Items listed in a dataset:

..............................

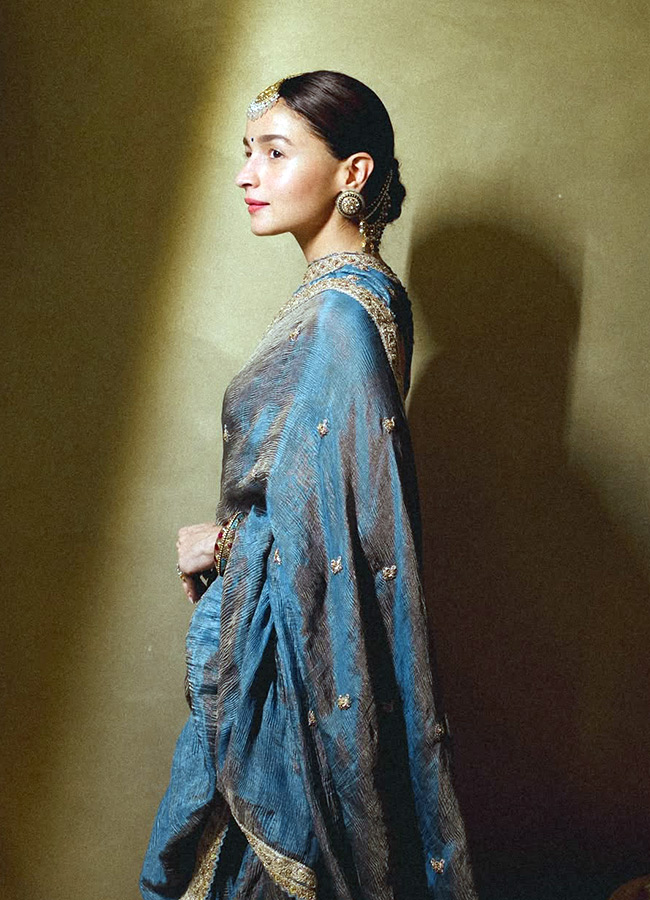 Bollywood Actress Alia Bhatt Steals the Spotlight at a Friend Party Photos Inside7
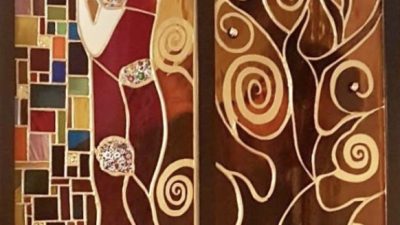 Vitrail avec des motifs stylisés et dorés stage estival vitrail et yoga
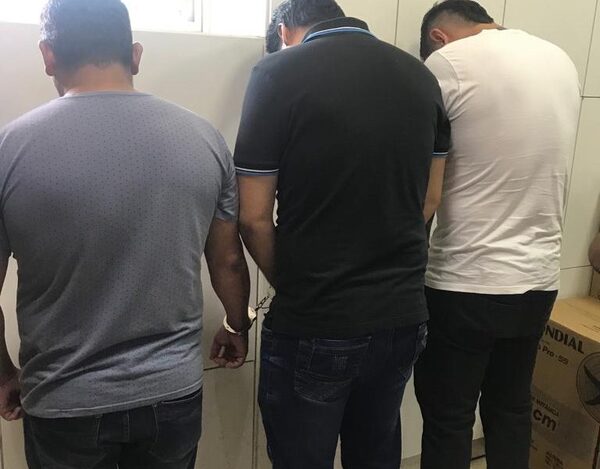 Detienen a tres sujetos que ofrecían 47 celulares de alta gama robados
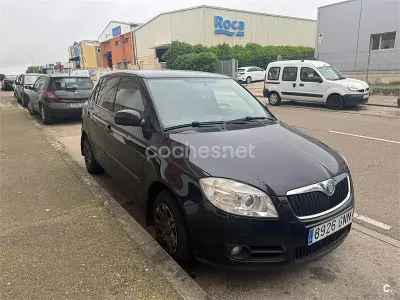 Usado Skoda Fabia 60 CV (44 kW) 2009 Negro Familiar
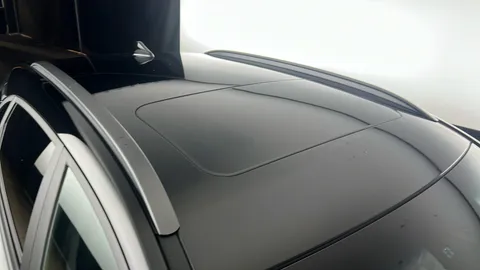 HYUNDAI KONA 150kW Ultimate 64kWh Auto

..............................

WORK ORDER> Copy every record above exactly, leaving out any pictures.

RESULT OF THIS EXERCISE>
 Bollywood Actress Alia Bhatt Steals the Spotlight at a Friend Party Photos Inside7
 Vitrail avec des motifs stylisés et dorés stage estival vitrail et yoga
 Detienen a tres sujetos que ofrecían 47 celulares de alta gama robados
 Usado Skoda Fabia 60 CV (44 kW) 2009 Negro Familiar
 HYUNDAI KONA 150kW Ultimate 64kWh Auto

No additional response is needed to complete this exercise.